Reputation: 123
In below program i am getting output as false .But as per my understanding when we add two temporary reference variable then result go inside constant pool which does not allow duplicates so we must have gotten output as true here but we are getting false as an output.Can somebody explain me reason behind this?
package com.lara;
public class Man9
{
public static void main(String[] args)
{
String s1 = "ja";
String s2 = "va";
String s3 = "ja".concat("va");
String s4 = "java";
System.out.println(s3==s4);
}
}
Upvotes: 2
Views: 192
Reputation: 3692
You need to use s3.equals(s4), not s3==s4.
Then you will get your true result.
See transcript below
C:\temp>java foo
false
true
C:\temp>type foo.java
public class foo
{
public static void main(String[] args)
{
String s1 = "ja";
String s2 = "va";
String s3 = "ja".concat("va");
String s4 = "java";
System.out.println(s3==s4);
System.out.println(s3.equals(s4));
}
}
Upvotes: 1
Reputation: 1499770
Your understanding about string concatenation is incorrect.

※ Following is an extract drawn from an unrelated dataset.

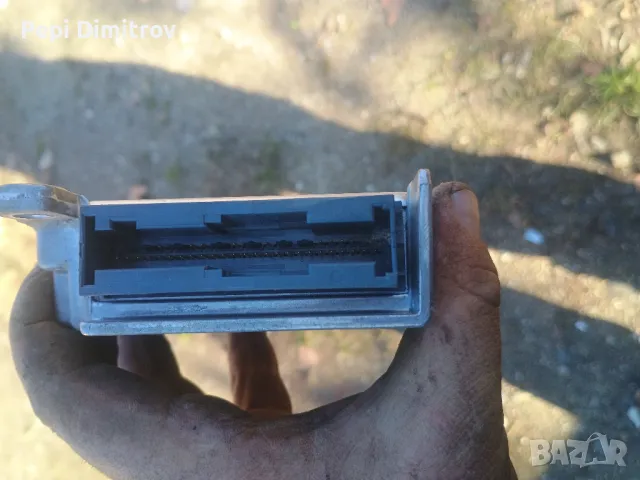 Модул Airbag Hyundai Matrix 2001-2007 95910--17700, снимка 2 - Части - 48279654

Only string constants get interned by default. Now a string constant isn't just a string literal - it can include the concatenation of other constants using the +
operator, e.g.
String x = "hello";
String y = "hel" + "lo";
// x == y, as the concatenation has been performed at compile-time
But in your case, you're making a method call - and that's not part of what the Java Language Specification considers when determining constant string expressions.
See section 15.28 of the JLS for what is considered a "constant".